**Data provided:**
Content starts

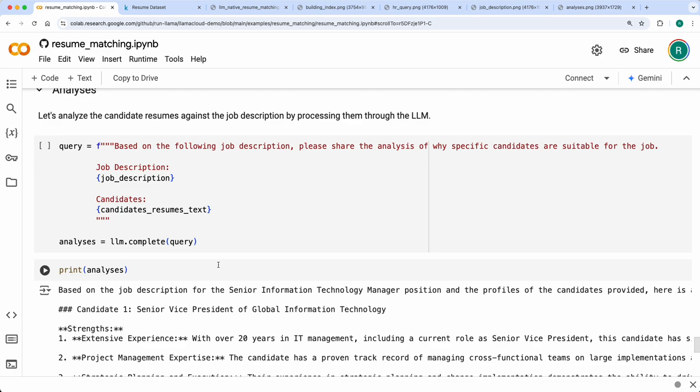When you have a bunch of resumes, a job description, and you want your recruiter to have a conversational capability as well, this solution covers that. Please do experiment with different datasets and let us know how it works. See you in the next video, thank you!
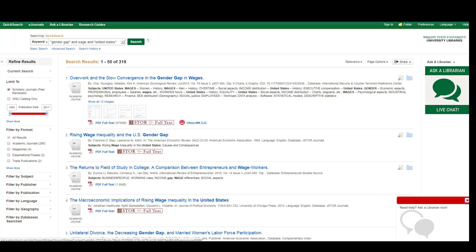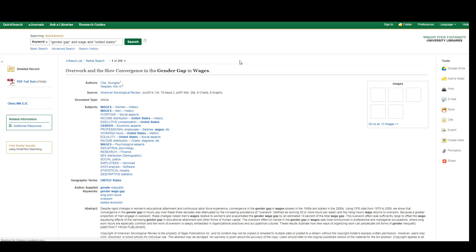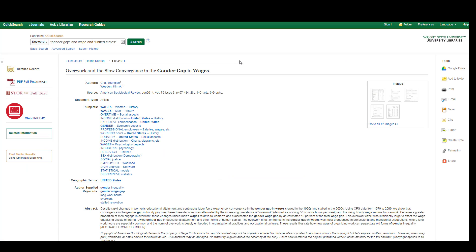Quick Search will also give you some suggestions for keywords. If you click on the title of one of the results, you get a more complete record.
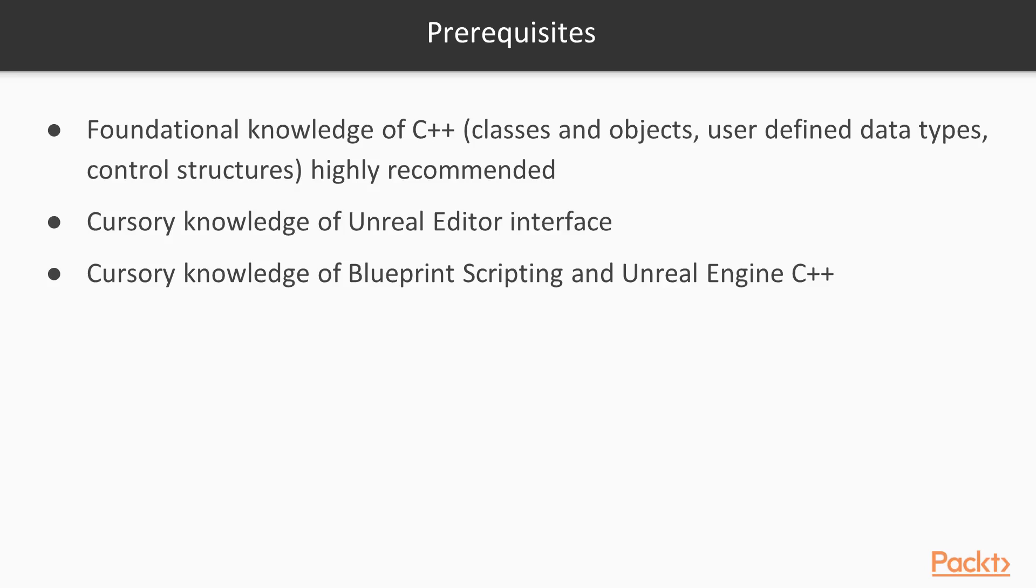Additionally, it would be beneficial to at least have a cursory knowledge of both the Unreal editor and its interface, as well as a cursory knowledge of Unreal Engine Blueprint scripting and Unreal Engine using C++.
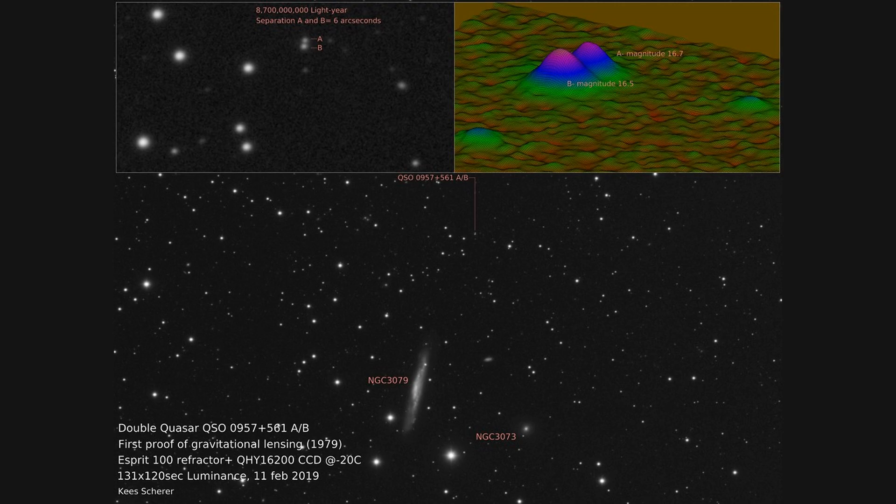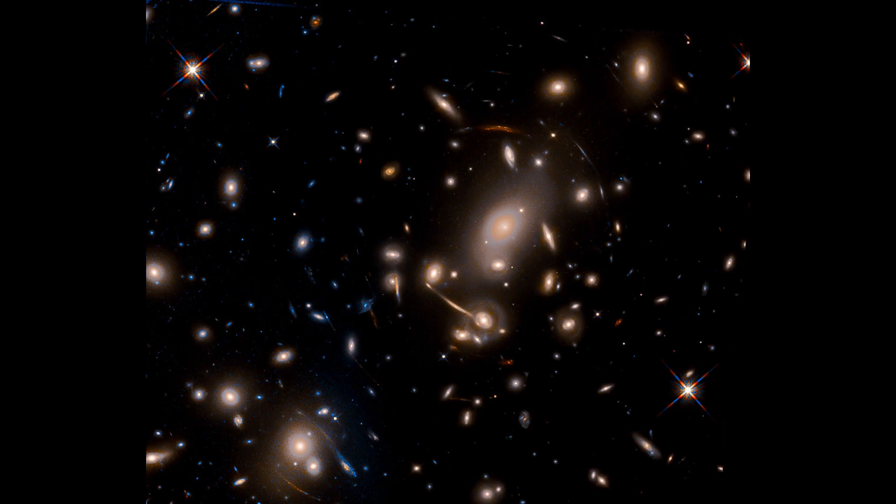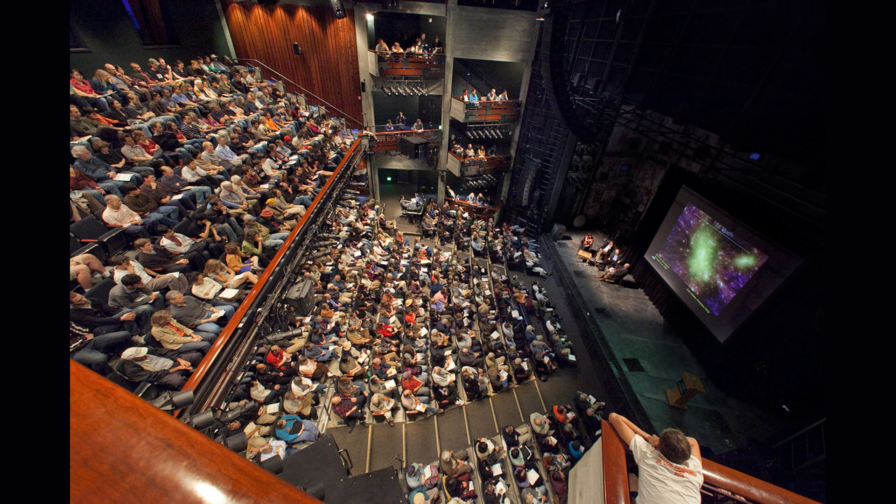Dark energy is a hypothetical form of energy that is thought to be responsible for the accelerating expansion of the universe. The mathematical principle that underlies dark energy is the cosmological constant, which is a term in Einstein's equations of general relativity that represents the energy density of the vacuum of space.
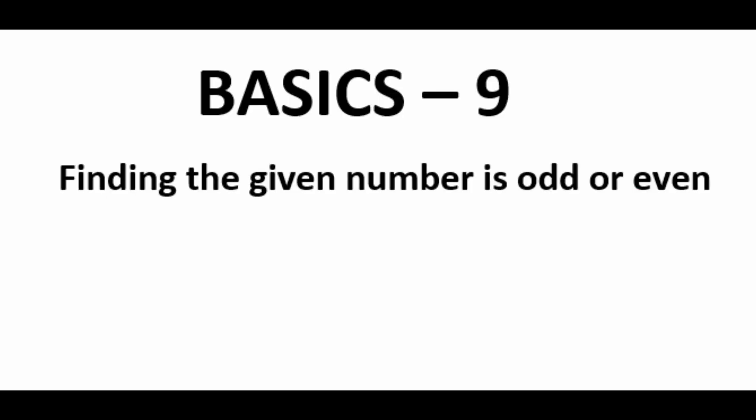Welcome back to another video of the Python basic exercise series. Here we will see how to find if the given number is odd or even.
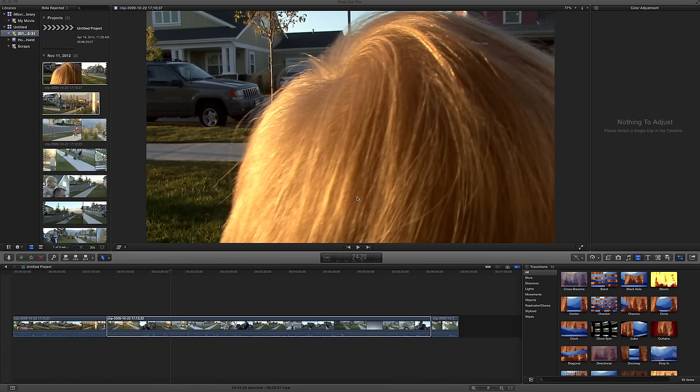Okay, here we are in Final Cut Pro and this took me a while to figure out. It's kind of basic but it still took me a while to figure out how to de-interlace.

Content ends

Reproduce the records exactly, starting with their first line and ending with the line that contains "Quick Search will", though pictures should be dropped.

When you have a bunch of resumes, a job description, and you want your recruiter to have a conversational capability as well, this solution covers that. Please do experiment with different datasets and let us know how it works. See you in the next video, thank you!
Quick Search will also give you some suggestions for keywords. If you click on the title of one of the results, you get a more complete record.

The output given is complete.